Do what is customary for the platform. Mimic patterns in core APIs and language. The thinking here is that those who know and use the core APIs will easily be able to use yours.

Principles for API Methods

Don’t require the client to do anything the module can do. This leads to lots of back and forth and boiler plate code. Boiler plate code just opens more opportunities for bugs!

Don’t violate the principle of least astonishment. This is worth extra implementation, even if it brings reduced performance. I enjoyed Joshua’s real example at this point:

public class Thread implements Runnable {
    // Tests whether current thread has been interrupted.
    <strong>// Clears the interupetd status of current thread</strong>
    public static boolean interruped();

This violates least astonishment. It should really be called clearInterrupt() or similar, and as a secondary action return the old interrupt status to you. Instead the name implies it won’t make any changes, and thus lots of broken code is out there using this.

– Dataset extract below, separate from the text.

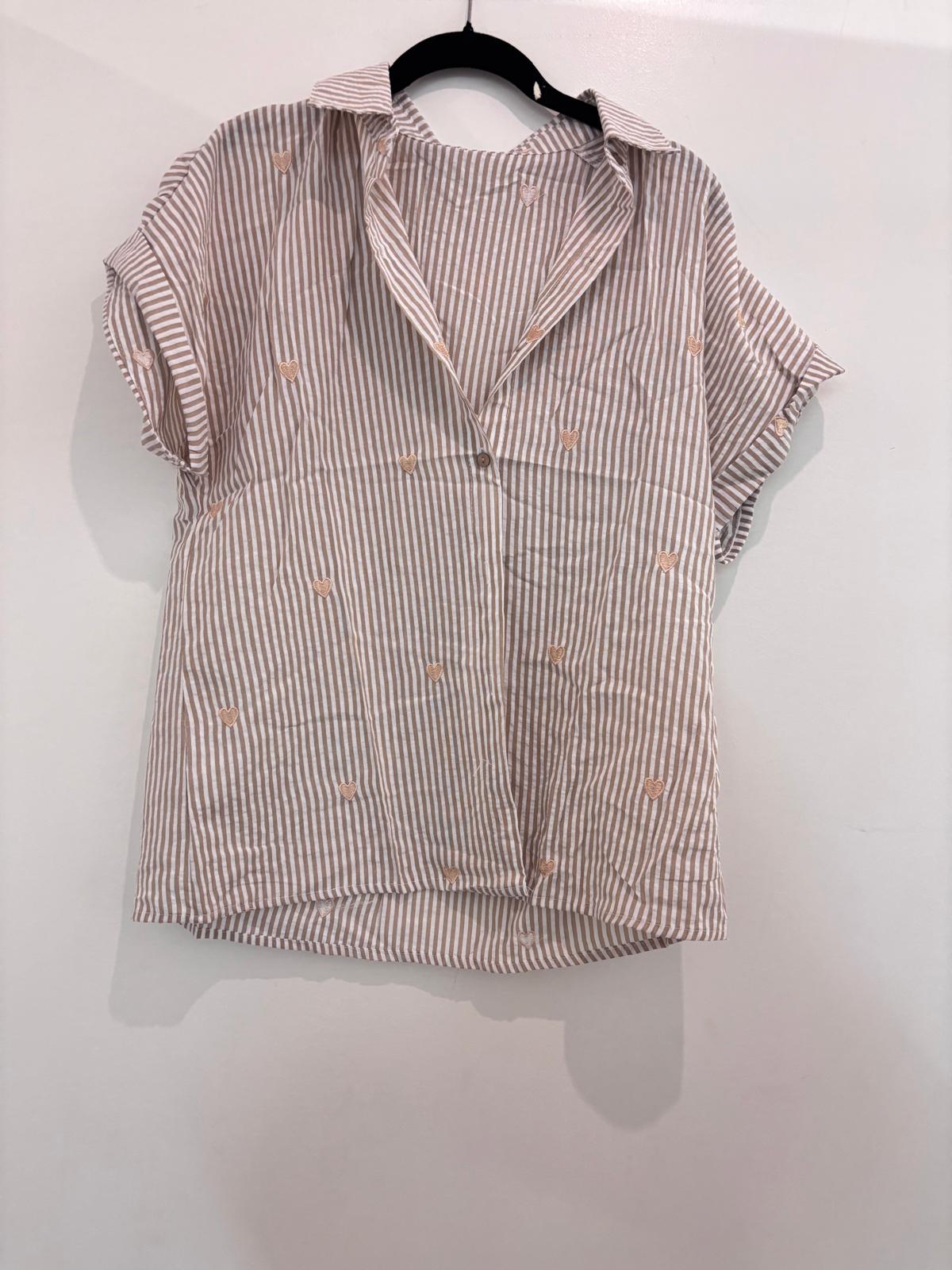 Chemise légère rayée à broderies cœur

Fail fast. Report errors as soon as possible, ideally at compile time! If the user passes in garbage data, you should tell them as soon as possible.

Allow data to be returned in programmatic form. If data is only provided as some printable string then users will need to parse this to get the data. This means the string format is then relied upon as well.

Use appropriate parameter and return types. Be as specific as possible. Don’t use a string if a better type exists (Easy example being boolean instead of something that returns ‘yes’/’no’).

Be consistent with parameter ordering across methods. This is especially problematic if the type of parameters are the same, as the user won’t necessarily know they’ve done something wrong.

foo_copy( src dest)
bar_copy( dest src)

Clearly this is going to catch someone out sooner or later!

Three or fewer parameters is ideal. Try to avoid lots of the same type of parameter, as messing up the order won’t show as an error at compile time. If you need more consider breaking up the method, or passing in an object/hash/similar that logically groups a set of the parameters.